Even if you are unaware of the name “Carole King” (she did do a good job of hiding behind her musical writing in her early years) you will undoubtedly know her music. Tunes such as “Take Good Care of My Baby,” “Will You Love Me Tomorrow,” “The Locomotion,” and “You Make Me Feel Like a Natural Woman” are all round crowd pleasers. Whilst the audience did seem to be made up of 50 something year olds who owned the Tapestry album, all generations alike gave rapturous applauses to the music.
Okay so I am not sure that the show will have exactly the same effect as it does in Manhattan; the show is largely set in the city and focuses on Brooklyn born Carole King who spent her married life with Gerry living and working in the city. There is a certain vibe one gets from actually being THERE – where it all began on this journey to stardom for Carole, but it is of course still a relevant tale in any city and I think it will light up London’s Aldwych Theatre just as bright as Broadway’s Stephen Sondheim.

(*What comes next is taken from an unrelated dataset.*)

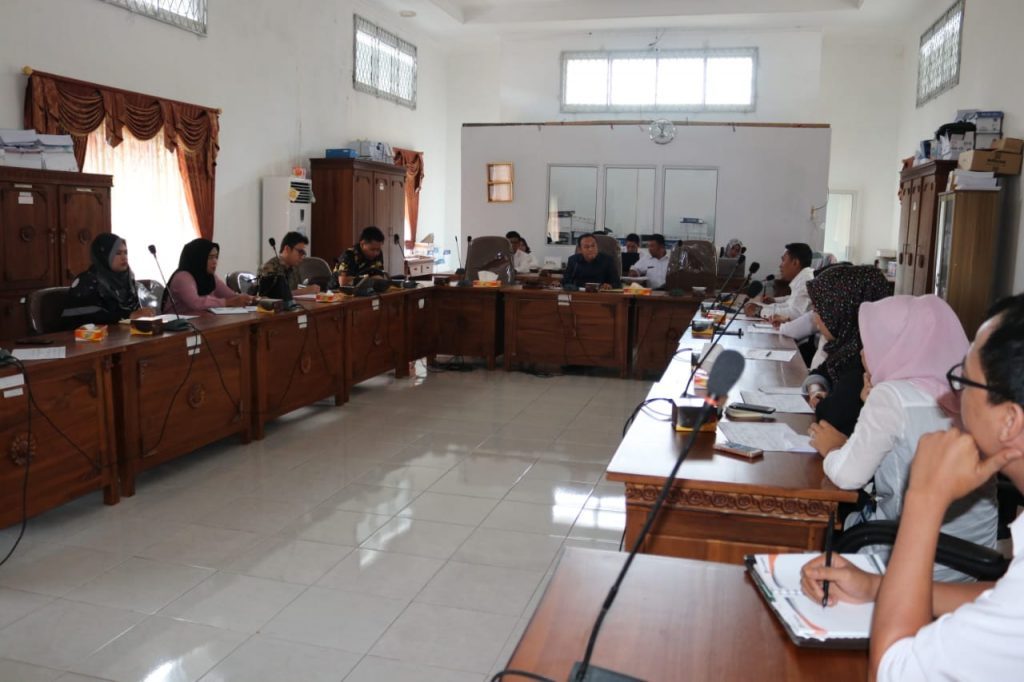 Windra Purnawan, SP, Pimpin Rapat Banmus Perdana DPRD Kepahiang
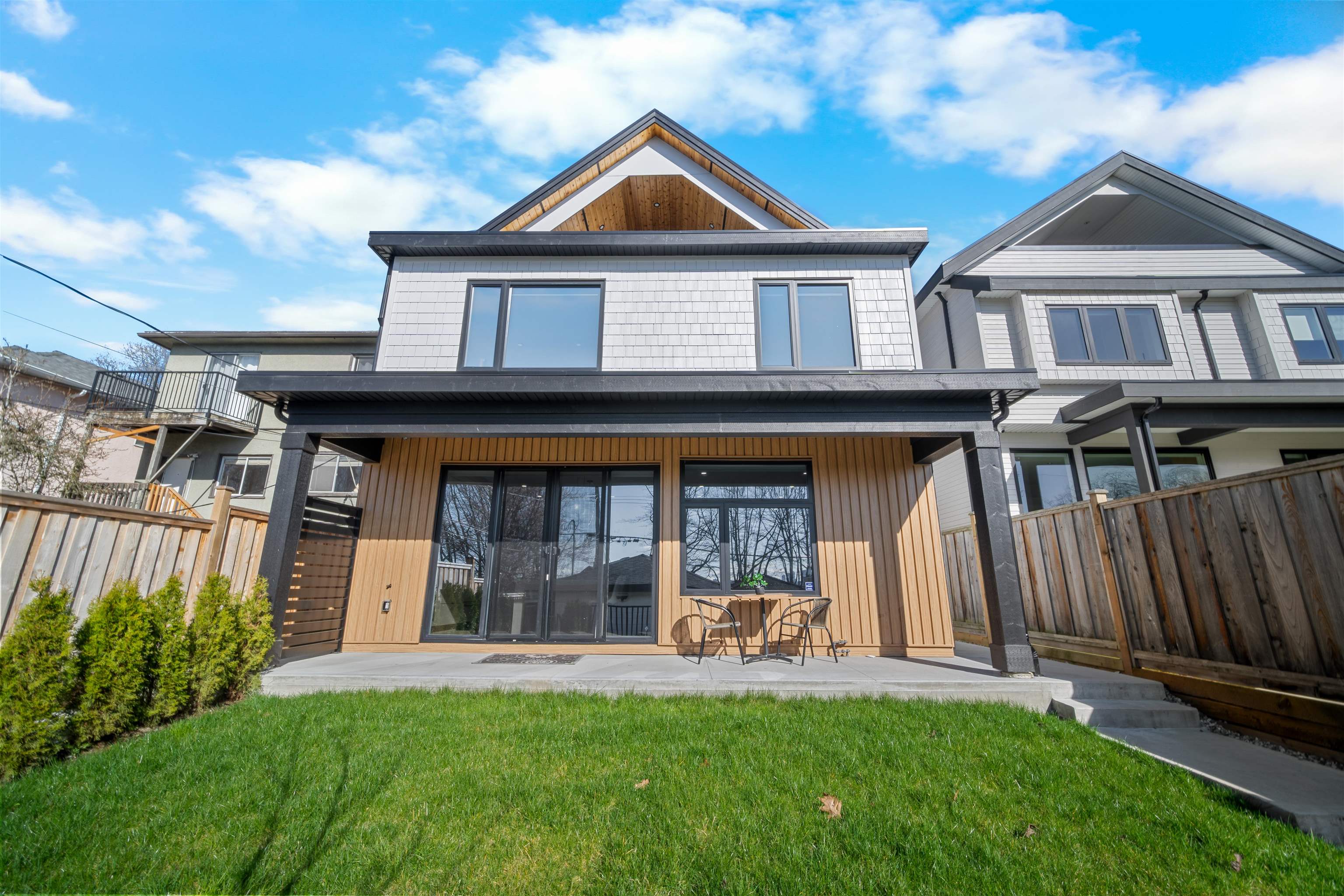2 3576 PENDER STREET, R3108996, BC,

Yes, this show IS a jukebox musical so there is obviously a huge song and dance number to dramatic scene ratio, which is my least favourite thing about the genre. However Beautiful manages to also generate a true, meaningful and touching tale of personal success in the face of misery, which is something we can all draw inspiration from. I for one am very excited to see this show make its move to London, where I can only imagine it will attract similar success.
The Last Ship Review
The Last Ship is Sting’s new musical, with a book by John Logan and Brian Yorkey with direction by Joe Mantello. The story focuses on the lives of those living in Wallsend, North East England, in particular that of young lovers Gideon and Meg.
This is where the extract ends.